Exercise goal
Could you restate the whole listing below word for word, minus the pictures?

** Opening The data block **

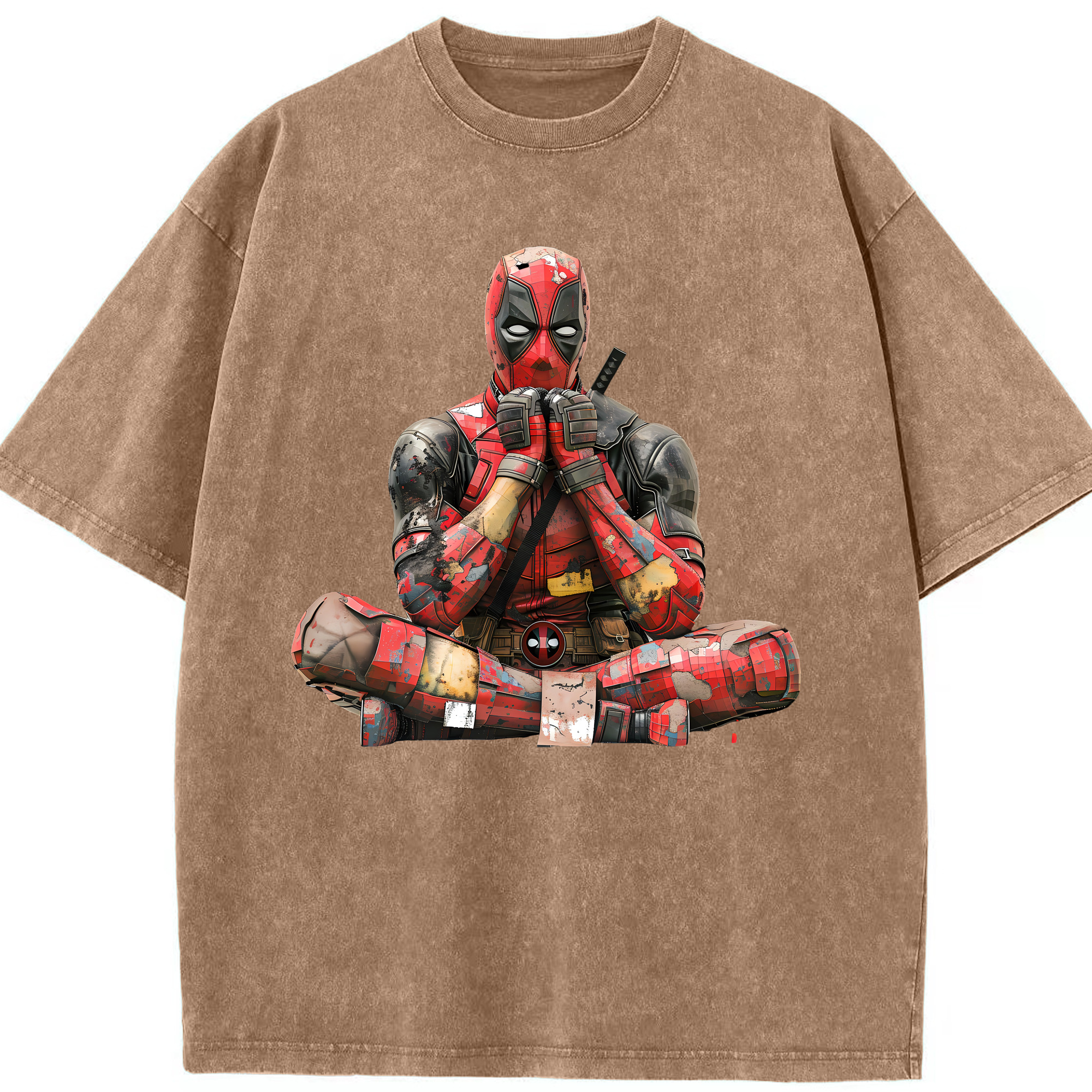（画像用） Deadpool デッドプール 綿100% ヴィンテージ風 半袖Tシャツ（フロントプリント）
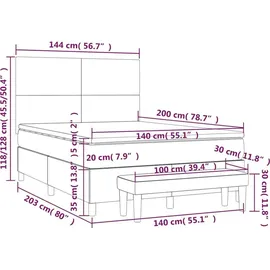 vidaXL Boxspringbett 140 x 200 cm Dunkelblau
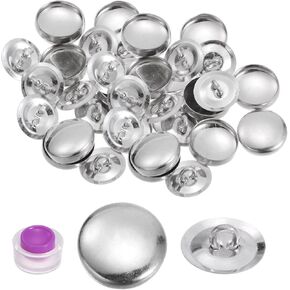 HARFINGTON 20 Sets Self Cover Button Kit 15mm Aluminum Button with Tools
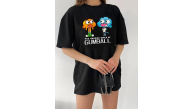 Kadın Kısa kol Tişört Bisiklet Yaka Baskılı Oversize T-Shirt - Siyah Kadın Kısa kol Tişört Bisiklet Yaka Baskılı Oversize T-Shirt - Siyah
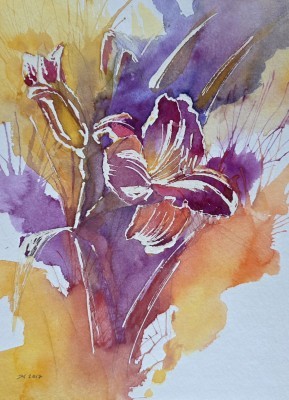 Aquarellbild abstrakter Orchideen in Rosa und Gelbtönen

** Closing The data block **

Result
（画像用） Deadpool デッドプール 綿100% ヴィンテージ風 半袖Tシャツ（フロントプリント）
 vidaXL Boxspringbett 140 x 200 cm Dunkelblau
 HARFINGTON 20 Sets Self Cover Button Kit 15mm Aluminum Button with Tools
 Kadın Kısa kol Tişört Bisiklet Yaka Baskılı Oversize T-Shirt - Siyah Kadın Kısa kol Tişört Bisiklet Yaka Baskılı Oversize T-Shirt - Siyah
 Aquarellbild abstrakter Orchideen in Rosa und Gelbtönen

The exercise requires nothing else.